I think you must install 32bit libraries. During the installation procedure, in the package selection screen, choose package lib32.txz .


----------



## r_t_f_m (Nov 17, 2011)

BTW, while you're there, you could try the new version 4.1.4. 

Get the updated ports here : http://svn.bluelife.at/nightlies/blueports.tar.gz

You have to install kBuild v0.1.9998 (devel/kBuild) before your start building virtualbox-ose port.
Current version in ports is 0.1.5.p2 (as of today)


----------



## blackthought (Nov 18, 2011)

hainan said:
			
		

> I think you must install 32bit libraries. During the installation procedure, in the package selection screen, choose package lib32.txz .



Thank you for your reply.

Although I have fixed my problem before your comment, I really appreciated.


----------



## blackthought (Nov 18, 2011)

r_t_f_m said:
			
		

> BTW, while you're there, you could try the new version 4.1.4.
> 
> Get the updated ports here : http://svn.bluelife.at/nightlies/blueports.tar.gz
> 
> ...



Thank you very much too.
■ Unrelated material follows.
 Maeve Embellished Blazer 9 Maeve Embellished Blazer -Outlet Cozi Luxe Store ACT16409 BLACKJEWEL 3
I will check out the new version soon.


----------



## Dru (Nov 18, 2011)

r_t_f_m said:
			
		

> BTW, while you're there, you could try the new version 4.1.4.
> 
> Get the updated ports here : http://svn.bluelife.at/nightlies/blueports.tar.gz
> 
> ...



Cannot fetch kBuild 1.9998, was going to attempt to build 4.1.4.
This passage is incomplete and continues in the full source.